Please return the lines of the data that contain "bright".

==*==

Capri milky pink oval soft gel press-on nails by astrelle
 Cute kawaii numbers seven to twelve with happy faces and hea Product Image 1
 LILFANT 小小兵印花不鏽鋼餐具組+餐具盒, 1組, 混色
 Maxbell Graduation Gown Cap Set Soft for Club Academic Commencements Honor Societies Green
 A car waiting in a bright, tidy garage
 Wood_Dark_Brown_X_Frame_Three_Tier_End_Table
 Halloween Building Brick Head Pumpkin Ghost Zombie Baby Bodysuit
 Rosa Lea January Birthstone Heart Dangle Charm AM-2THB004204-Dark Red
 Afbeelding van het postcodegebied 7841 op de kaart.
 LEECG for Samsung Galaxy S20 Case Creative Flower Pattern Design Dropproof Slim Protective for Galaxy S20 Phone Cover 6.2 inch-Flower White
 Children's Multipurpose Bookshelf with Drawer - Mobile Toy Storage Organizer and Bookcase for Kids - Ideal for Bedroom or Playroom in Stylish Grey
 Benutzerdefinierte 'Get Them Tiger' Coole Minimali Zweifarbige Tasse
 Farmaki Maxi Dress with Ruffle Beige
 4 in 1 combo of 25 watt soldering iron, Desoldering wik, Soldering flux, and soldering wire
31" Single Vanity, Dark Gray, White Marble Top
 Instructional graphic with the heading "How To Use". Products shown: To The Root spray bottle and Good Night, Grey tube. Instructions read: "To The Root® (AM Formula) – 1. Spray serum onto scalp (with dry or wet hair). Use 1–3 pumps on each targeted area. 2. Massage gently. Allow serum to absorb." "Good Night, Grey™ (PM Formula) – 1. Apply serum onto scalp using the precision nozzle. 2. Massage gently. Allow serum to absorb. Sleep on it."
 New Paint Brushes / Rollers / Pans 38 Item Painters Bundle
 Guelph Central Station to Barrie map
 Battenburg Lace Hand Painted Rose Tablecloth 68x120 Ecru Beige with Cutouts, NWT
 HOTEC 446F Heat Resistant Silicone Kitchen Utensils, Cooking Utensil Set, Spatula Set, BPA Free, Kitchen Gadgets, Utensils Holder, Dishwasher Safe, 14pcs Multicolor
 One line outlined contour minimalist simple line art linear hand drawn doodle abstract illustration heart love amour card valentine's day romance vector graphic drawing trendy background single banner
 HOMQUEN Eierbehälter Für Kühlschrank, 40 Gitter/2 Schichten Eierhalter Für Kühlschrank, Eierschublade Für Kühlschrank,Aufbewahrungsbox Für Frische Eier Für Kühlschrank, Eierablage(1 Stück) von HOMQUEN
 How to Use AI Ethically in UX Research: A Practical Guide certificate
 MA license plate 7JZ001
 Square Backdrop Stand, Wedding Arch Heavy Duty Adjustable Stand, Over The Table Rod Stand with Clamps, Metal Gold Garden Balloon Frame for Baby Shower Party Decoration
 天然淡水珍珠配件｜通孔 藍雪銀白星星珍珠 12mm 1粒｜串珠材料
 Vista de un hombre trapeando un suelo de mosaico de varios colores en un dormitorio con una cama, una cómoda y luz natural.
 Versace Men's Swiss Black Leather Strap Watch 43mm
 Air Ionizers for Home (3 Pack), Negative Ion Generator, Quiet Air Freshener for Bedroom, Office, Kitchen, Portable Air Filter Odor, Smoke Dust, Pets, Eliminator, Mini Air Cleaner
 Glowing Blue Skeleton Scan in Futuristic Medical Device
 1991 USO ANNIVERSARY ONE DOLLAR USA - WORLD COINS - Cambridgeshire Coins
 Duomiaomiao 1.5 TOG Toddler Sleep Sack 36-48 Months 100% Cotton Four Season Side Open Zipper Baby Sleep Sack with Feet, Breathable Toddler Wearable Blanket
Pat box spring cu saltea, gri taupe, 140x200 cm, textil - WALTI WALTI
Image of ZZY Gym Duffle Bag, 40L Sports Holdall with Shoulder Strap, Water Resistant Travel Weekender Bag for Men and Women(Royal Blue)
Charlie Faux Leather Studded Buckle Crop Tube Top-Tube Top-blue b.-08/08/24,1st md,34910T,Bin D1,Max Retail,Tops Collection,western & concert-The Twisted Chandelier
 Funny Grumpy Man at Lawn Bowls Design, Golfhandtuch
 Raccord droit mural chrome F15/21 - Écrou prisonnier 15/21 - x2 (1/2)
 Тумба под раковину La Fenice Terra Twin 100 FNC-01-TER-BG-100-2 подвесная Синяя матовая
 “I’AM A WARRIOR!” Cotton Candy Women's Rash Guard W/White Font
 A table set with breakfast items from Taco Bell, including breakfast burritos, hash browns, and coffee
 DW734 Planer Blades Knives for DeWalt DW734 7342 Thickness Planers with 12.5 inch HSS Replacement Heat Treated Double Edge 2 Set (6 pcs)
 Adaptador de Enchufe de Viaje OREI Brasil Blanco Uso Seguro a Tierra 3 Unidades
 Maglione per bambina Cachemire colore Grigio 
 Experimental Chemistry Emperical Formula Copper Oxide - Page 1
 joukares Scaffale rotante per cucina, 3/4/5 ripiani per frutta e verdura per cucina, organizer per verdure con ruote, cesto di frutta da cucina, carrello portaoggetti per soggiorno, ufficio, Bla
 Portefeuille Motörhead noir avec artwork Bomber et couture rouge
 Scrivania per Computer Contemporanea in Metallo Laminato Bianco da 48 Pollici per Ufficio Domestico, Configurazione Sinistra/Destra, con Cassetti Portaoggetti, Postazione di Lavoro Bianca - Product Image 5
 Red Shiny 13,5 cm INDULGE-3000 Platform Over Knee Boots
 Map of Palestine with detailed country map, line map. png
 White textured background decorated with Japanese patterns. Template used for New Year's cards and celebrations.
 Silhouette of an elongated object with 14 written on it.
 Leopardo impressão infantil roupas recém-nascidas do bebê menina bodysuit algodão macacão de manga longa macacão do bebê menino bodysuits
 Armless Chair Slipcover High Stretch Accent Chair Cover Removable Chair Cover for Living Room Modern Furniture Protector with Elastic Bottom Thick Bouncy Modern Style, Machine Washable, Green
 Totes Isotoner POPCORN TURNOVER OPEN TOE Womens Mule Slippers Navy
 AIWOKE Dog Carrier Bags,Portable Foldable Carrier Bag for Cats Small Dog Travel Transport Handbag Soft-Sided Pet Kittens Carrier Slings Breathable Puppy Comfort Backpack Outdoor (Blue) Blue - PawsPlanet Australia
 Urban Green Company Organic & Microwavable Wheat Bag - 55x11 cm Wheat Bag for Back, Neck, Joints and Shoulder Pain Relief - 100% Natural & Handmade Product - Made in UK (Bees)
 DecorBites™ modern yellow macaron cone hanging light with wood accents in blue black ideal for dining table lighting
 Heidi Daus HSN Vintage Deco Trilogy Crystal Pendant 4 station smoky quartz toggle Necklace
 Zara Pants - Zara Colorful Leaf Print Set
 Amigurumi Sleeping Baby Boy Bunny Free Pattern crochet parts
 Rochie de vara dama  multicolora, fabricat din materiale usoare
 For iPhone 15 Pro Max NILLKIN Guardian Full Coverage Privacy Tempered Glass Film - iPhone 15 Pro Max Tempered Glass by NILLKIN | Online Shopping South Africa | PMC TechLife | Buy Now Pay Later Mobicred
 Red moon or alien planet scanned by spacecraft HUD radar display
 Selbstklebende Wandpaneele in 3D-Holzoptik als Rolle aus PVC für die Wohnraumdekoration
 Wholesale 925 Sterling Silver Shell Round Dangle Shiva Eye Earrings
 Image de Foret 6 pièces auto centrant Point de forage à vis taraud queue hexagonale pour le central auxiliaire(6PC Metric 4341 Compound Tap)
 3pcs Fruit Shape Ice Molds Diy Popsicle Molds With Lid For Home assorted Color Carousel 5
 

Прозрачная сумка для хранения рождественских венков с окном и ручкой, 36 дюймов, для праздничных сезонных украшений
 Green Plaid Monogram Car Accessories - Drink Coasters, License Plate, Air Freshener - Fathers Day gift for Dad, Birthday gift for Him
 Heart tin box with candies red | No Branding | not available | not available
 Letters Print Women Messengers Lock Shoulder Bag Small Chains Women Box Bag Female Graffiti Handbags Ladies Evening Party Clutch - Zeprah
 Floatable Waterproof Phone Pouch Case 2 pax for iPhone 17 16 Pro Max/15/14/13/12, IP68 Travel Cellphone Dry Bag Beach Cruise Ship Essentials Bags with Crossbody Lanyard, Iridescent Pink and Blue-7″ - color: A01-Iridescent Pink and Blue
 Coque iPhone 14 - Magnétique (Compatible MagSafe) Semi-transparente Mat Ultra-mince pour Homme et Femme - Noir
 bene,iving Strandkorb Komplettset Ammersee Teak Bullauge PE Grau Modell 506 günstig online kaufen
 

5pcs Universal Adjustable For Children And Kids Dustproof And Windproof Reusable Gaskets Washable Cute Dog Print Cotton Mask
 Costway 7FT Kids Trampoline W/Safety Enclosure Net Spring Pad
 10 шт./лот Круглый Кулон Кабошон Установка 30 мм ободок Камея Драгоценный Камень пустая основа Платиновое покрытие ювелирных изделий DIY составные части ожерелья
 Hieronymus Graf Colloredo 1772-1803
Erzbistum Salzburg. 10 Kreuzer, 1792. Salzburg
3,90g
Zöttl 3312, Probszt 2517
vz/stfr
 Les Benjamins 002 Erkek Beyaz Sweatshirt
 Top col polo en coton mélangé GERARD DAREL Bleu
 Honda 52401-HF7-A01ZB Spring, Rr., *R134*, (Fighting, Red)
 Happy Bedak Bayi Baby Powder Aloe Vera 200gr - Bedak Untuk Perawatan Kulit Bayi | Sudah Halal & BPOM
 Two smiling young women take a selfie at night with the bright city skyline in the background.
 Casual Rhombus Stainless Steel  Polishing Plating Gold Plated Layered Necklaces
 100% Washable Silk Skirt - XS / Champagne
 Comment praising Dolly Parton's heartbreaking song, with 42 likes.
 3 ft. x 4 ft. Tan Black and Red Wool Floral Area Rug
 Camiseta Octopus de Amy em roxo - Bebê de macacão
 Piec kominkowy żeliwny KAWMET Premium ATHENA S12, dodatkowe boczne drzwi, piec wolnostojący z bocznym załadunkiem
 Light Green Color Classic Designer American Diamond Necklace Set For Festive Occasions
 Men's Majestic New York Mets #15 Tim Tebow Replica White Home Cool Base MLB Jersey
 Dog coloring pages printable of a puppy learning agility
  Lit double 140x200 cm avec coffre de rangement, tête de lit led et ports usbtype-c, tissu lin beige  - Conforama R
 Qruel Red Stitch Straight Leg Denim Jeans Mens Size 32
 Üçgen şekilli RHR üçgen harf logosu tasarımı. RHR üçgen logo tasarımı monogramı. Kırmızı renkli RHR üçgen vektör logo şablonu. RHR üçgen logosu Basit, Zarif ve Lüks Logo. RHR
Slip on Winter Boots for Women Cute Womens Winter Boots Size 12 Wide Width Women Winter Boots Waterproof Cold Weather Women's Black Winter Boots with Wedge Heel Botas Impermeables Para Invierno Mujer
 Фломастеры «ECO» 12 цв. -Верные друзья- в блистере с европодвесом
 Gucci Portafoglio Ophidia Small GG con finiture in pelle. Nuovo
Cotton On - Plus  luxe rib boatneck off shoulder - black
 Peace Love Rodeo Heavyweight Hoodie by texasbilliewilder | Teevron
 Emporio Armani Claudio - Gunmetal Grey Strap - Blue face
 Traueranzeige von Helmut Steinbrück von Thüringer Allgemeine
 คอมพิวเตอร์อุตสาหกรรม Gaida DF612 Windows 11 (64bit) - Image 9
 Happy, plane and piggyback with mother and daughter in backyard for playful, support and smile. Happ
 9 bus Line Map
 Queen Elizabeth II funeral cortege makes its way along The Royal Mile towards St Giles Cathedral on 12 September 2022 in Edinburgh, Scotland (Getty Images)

==*==

■ SOLUTION FOR THIS EXERCISE:
 A car waiting in a bright, tidy garage
 Two smiling young women take a selfie at night with the bright city skyline in the background.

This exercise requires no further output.